Debout à 6h30, le soleil ne daigne pas pointer son nez. Une journée de plus à rester assise pendant des heures sur la même chaise incofortable. Une journée de plus où je ne verrai l'astre scintillant qu'à l'heure du repas s'il lui prend l'envie de sortir des nuages. A mon réveil il fait nuit, à mon retour aussi. Pas d'air, pas de lumière.
Fini les lamentations. La porte chuinte à nouveau après mon entrée. J'éteins la lumière et m'avance jusqu'à la lumière diffuse offerte par la fenêtre. Armée de ma clef, je triture la serrure sans poignée dont le verrouillage, censé nous empêcher d'ouvrir pour nous passer l'envie de nous jeter du troisème étage sans doute, est cassé.

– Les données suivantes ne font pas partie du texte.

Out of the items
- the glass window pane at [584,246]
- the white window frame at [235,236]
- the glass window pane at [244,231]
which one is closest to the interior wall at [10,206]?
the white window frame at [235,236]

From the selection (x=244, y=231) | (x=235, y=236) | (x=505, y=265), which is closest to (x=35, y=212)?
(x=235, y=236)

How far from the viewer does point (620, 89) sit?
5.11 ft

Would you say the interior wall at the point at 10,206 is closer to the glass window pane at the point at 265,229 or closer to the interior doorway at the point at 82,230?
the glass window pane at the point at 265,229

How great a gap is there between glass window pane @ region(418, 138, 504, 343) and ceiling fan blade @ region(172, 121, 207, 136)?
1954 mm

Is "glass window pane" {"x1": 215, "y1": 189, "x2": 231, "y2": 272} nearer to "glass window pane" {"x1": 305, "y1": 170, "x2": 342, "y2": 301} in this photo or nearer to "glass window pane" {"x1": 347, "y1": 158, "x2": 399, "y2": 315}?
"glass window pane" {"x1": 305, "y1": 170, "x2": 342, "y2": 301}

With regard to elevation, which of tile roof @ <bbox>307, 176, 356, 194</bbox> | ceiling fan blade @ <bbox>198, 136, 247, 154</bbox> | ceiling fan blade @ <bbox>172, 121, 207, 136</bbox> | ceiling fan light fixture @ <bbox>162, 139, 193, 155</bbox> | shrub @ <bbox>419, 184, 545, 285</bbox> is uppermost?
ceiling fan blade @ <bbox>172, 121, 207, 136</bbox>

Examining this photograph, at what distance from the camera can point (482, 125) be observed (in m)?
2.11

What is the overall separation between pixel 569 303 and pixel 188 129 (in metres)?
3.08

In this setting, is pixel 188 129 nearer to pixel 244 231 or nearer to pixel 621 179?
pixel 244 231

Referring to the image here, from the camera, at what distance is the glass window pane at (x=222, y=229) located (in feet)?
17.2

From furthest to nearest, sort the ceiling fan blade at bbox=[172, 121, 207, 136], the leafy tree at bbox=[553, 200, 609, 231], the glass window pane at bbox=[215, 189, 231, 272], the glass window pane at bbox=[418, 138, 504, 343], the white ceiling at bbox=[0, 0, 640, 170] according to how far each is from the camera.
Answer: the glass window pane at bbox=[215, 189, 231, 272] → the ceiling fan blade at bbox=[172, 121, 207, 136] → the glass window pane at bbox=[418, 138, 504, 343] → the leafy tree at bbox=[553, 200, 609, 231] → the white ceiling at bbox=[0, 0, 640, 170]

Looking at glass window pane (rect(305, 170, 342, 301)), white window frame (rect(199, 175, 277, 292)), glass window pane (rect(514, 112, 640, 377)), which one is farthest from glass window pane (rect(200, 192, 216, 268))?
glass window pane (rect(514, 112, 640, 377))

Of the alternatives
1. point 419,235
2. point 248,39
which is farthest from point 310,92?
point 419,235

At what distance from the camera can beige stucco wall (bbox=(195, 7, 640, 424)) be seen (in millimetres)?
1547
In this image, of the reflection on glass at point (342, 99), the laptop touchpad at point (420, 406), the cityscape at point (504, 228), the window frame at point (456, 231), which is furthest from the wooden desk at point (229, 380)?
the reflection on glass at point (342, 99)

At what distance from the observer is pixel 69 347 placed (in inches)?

La serrure cède dans un discret "clac". J'ouvre en grand le panneau de verre et inspire enfin l'air à plein poumons. C'est l'air de la ville. Mais il me paraît infiniment plus respirable que celui que je respire depuis des jours, des semaines, des mois. J'escalade le bureau, seul obstacle entre mon objectif et moi. Seule dans la nuit, je brave l'interdit. Je passe mes jambes au-dehors, et m'assois sur le rebord de la fenêtre.
J'ai froid aux fesses, les pieds posés sur ce fichu morceau de toit en zinc qui fait toujours résonner la pluie et me réveille de son tintamarre en pleine nuit. J'inspire à fond, je contemple le ciel morne et gris, d'un gris uniforme et compact. Mes yeux dérivent, je regarde les lumières de la ville qui scintillent tout autour de moi.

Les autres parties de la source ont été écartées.